Historycy odkrywają tajemnice Marszu Śmierci
24 stycznia Komisja Oddziałowego Biura Upamiętniania Walk i Męczeństwa Instytutu Pamięci Narodowej w Katowicach odwiedziła Wodzisław Śląski. Wizyta komisji miała związek z objazdem miejsc pamięci narodowej związanych z marszem śmierci położonych na terenie miasta. Odbyła się w towarzystwie historyków Piotra Hojki i Jana Delowicza.
W południe w budynku dworca PKP w Wodzisławiu odbyło się spotkanie z muzealnikami i historykami poświęcone Marszowi Śmierci. Dzięki dociekliwości i niezwykłej wiedzy Jana Delowicza, cenionego dokumentalisty z żorskiego muzeum, na jaw wychodzą nieustannie nowe, niezwykle cenne fakty, dotyczącego tego tragicznego wydarzenia sprzed 75 lat. Jan Delowicz miał okazję rozmawiać z bliskimi osób, które uczestniczyły w marszu śmierci lub są krewnymi osób, które w marszu straciły życie.
W swojej prelekcji Delowicz przedstawił historię rodziny, która w piwnicy ukrywała więźniów, a na strychu ojca, który nie chciał wracać do jednostki wojskowej z urlopu, tym samym narażając się podwójnie na pewną śmierć w przypadku zdemaskowania. Przedstawił historię feldmarszałka armii Cesarstwa Austro-Węgier Johanna Friedländera, więźnia Auschwitz i uczestnika Marszu Śmierci zastrzelonego w pobliżu Wodzisławia, losy więźniarek, które przebywały na wsi na Wilchwach, w tym Noemi Judkowski, która w obozie znana była pod nazwiskiem Zofia Rosenstrauch.
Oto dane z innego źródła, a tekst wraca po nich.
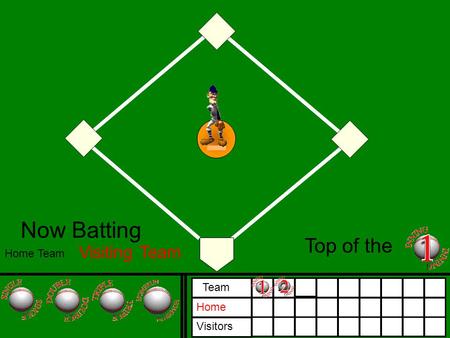 Home Visitors Team12 Now Batting Home Team Visiting Team Top of the.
Pracowała w biurze projektowym w barakach w Brzezince. Po wojnie wydała wspomnienia oraz namalowała rysunki przedstawiające sceny, które pamiętała.
Delowicz nie zapomniał również o dzieciach, które szły w marszu śmierci. Kwestia ta jest niezwykle ważna, lecz często pomijana. Niektóre dzieci uczestniczące w marszu miały wielkie szczęście, bo zdarzało się, że dokarmiali je SS-mani. Niestety, los nie był łaskawy dla wszystkich. Gdy matki nie były już w stanie iść dalej, były brutalnie mordowane razem ze swoimi dziećmi.
Poruszony został także temat numerów obozowych więźniów oraz zbiorowych mogił. Często zdarzało się, że numery znajdujące się na pasiaku danego więźnia nie były jego numerem, bo pasiak albo pożyczył od innego więźnia, albo ściągnął go z trupa leżącego na trasie marszu. A co z numerami znajdującymi się na ich ciele? Te również często były nie do odczytania. Groby kopano najczęściej w piasku, ze względu na bardzo niskie temperatury. Po upływie 6 miesięcy w takiej mogile odczytanie numerów obozowych nie było już możliwe.